Een veroordeling in de werkelijk gemaakte proceskosten is volgens vaste jurisprudentie slechts toewijsbaar in geval van misbruik van procesrecht of onrechtmatig handelen, waarvan pas sprake is als het instellen van de vordering of het voeren van verweer, gelet op de evidente ongegrondheid ervan, in verband met de betrokken belangen van de wederpartij achterwege had behoren te blijven. Hiervan kan eerst sprake zijn als een partij haar vordering of verweer baseert op feiten en omstandigheden waarvan zij de onjuistheid kende dan wel behoorde te kennen of op stellingen waarvan zij op voorhand moest begrijpen dat deze geen kans van slagen hadden.
Er dient zeer evident sprake te zijn van het nodeloos in rechte betrekken van de wederpartij.
Het hof overweegt dat zowel in eerste aanleg als in hoger beroep in redelijkheid discussie mogelijk was tussen partijen over het complex van feiten en de juridische consequenties daarvan in het licht van het bepaalde in artikel 1:160 BW. Niet kan worden geoordeeld dat het voeren van verweer door de vrouw in dat verband als evident nodeloos moet worden beschouwd.
De hoofdregel van artikel 289 juncto artikel 362 Wetboek van Burgerlijke Rechtsvordering (Rv) (in samenhang met artikel 237 juncto artikel 353 Rv) luidt dat de partij die in het ongelijk wordt gesteld, in de proceskosten wordt veroordeeld. De tweede volzin van lid 1 van artikel 237 biedt de rechter evenwel de mogelijkheid om de proceskosten geheel of gedeel-telijk te compenseren, onder meer in zaken tussen ex-echtgenoten. In dergelijke zaken wordt in het algemeen besloten tot compensatie van kosten, hetgeen inhoudt dat iedere partij de eigen kosten dient te dragen. De gedachte daarachter is dat de afwikkeling van een scheiding en alle gevolgen die daarmee samenhangen dikwijls gepaard gaat met persoonlijke en inter-relationele moeilijkheden. De redelijkheid en billijkheid brengen met zich dat in dit soort zaken niet te snel tot een kostenveroordeling van een der partijen wordt overgegaan.

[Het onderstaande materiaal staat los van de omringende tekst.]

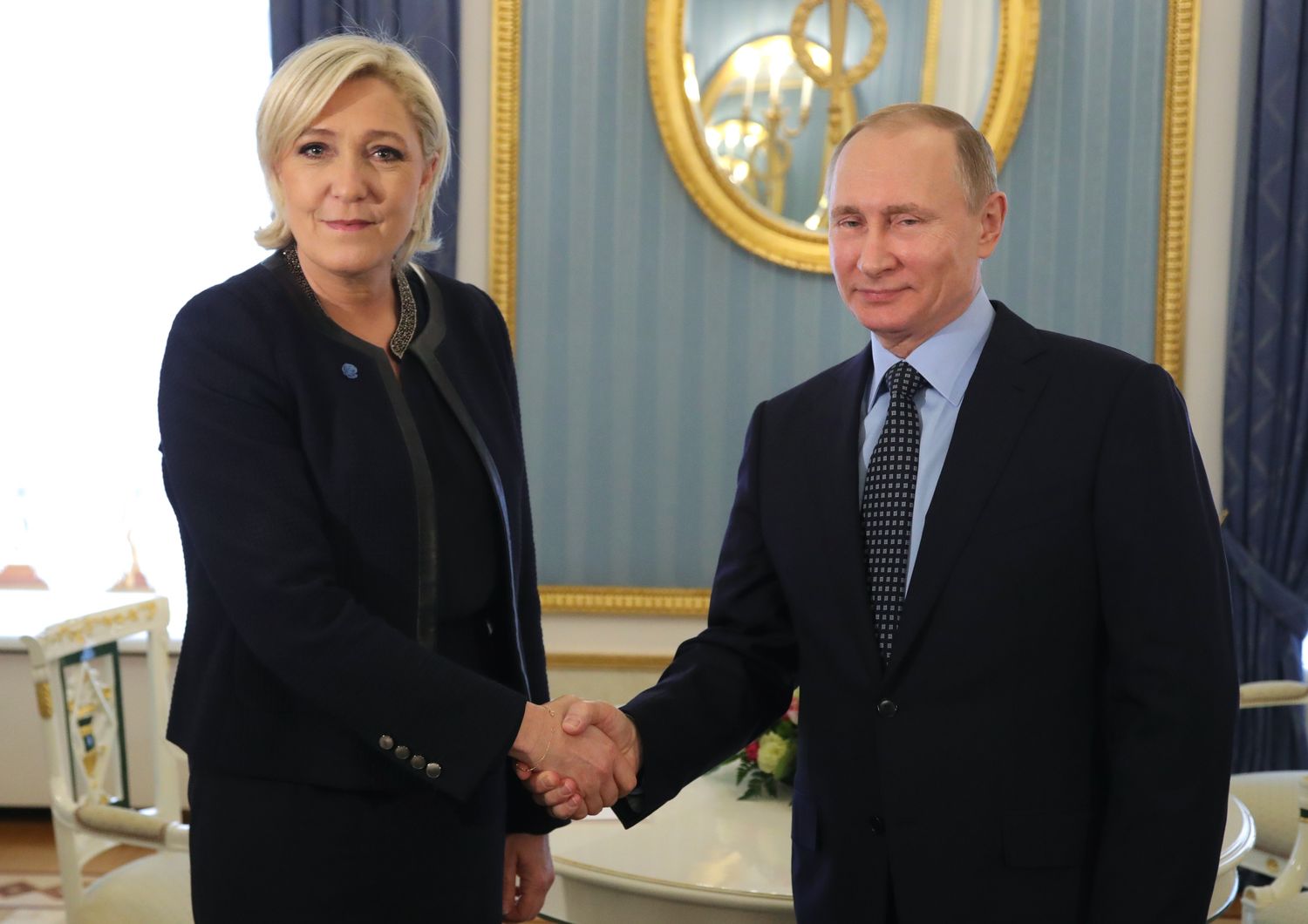 &nbsp;Putin Le Pen (Afp)
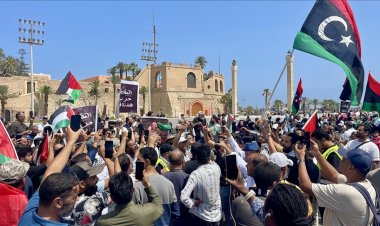 Gazze’ye ilerleyen "Mağrib Direniş Konvoyu" Libya'nın Tacura kentine ulaştı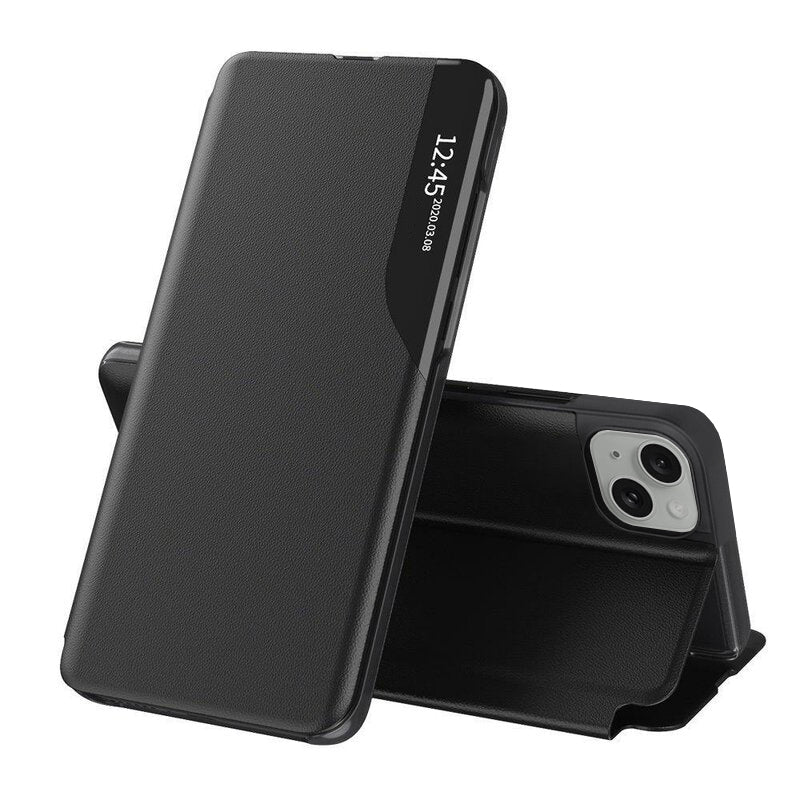 Tok Apple iPhone 15 Plus-hoz, Techsuit, eFold, Fekete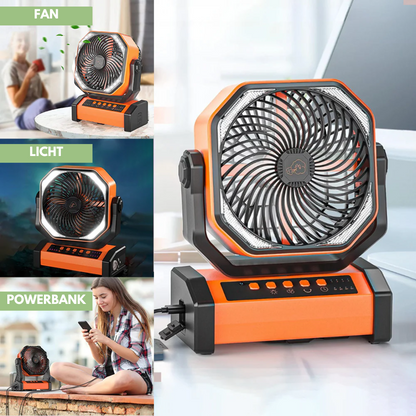 Camping-Ventilator - 3-in-1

Nu in dezen sprake is van een dergelijke familierechtelijke zaak ziet het hof voldoende aanleiding de proceskosten zowel in eerste aanleg als in hoger beroep te compenseren, en wel in die zin dat iedere partij de eigen kosten draagt.
Grief 4 van de man faalt.
5.6.
Het voorgaande leidt tot de volgende beslissing.

6.De beslissing

Het hof:
bekrachtigt de beschikking van de rechtbank Zeeland-West-Brabant ( Middelburg ) van 29 maart 2017;
compenseert de kosten van het geding in beide instanties in die zin, dat elke partij de eigen kosten draagt;
wijst af het meer of anders verzochte.
Deze beschikking is gegeven door mrs. H. van Winkel, C.D.M Antens en P.M.M. Mostermans en bijgestaan door de griffier, en is op 5 april 2018 uitgesproken in het openbaar in tegenwoordigheid van de griffier.